In Gottesdiensten gedacht

In Gottesdiensten am Sonntag war dem Verstorbenen in Schmölln mit Kerzen und in den Fürbitten gedacht worden. Es sei immer tragisch, wenn ein Mensch keinen Ausweg mehr aus einer für ihn hoffnungslosen Lage sehe, egal, ob er schon immer hier wohne oder er als Flüchtling nach Thüringen gekommen sei, erklärte der evangelische Regionalbischof von Gera, Diethard Kamm. Wichtig sei es jetzt, all jene, die sich in Schmölln vorbildhaft für die Integration der Zufluchtsuchenden einsetzten, zu ermutigen, fügte er hinzu.
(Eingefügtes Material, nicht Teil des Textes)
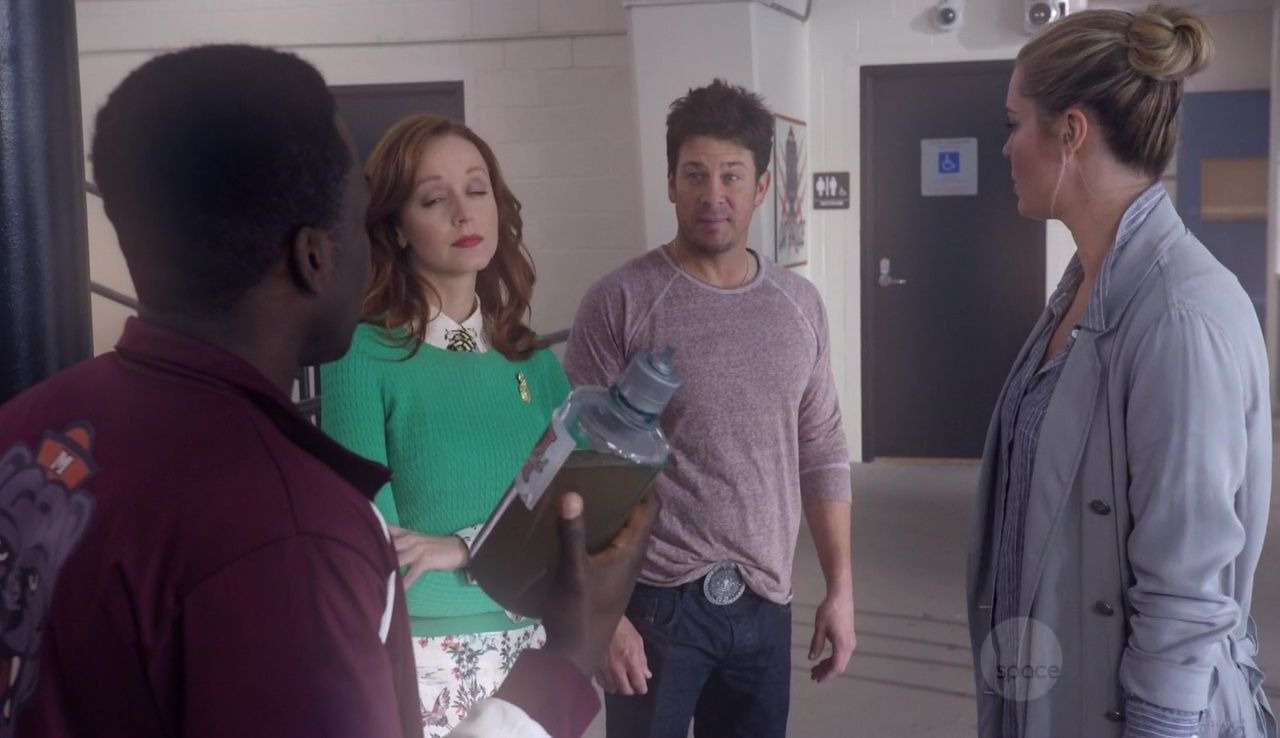 Библиотекари — s03e04 — And the Self-Fulfilling Prophecy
Der evangelische Diakon Schmidt zeigte sich vom "Ausmaß der Unmenschlichkeit" im Zusammenhang mit dem Tod des jungen Mannes entsetzt. Vor allem die Reaktionen in den sozialen Netzwerken seien "unwürdig", sagte der kirchliche Sozialarbeiter dem Evangelischen Pressedienst (epd). Besonders schlimm sei es, wenn Rechtspopulisten den Tod des jungen Mannes für ihre Zwecke missbrauchten. So wolle das rechtextreme Bündnis "Thügida" in Schmölln aufmarschieren. Das diskreditiere die Arbeit mit den Flüchtlingen, die seit zwei Jahrzehnten in der Stadt vorbildhaft laufe, noch zusätzlich, sagte Schmidt.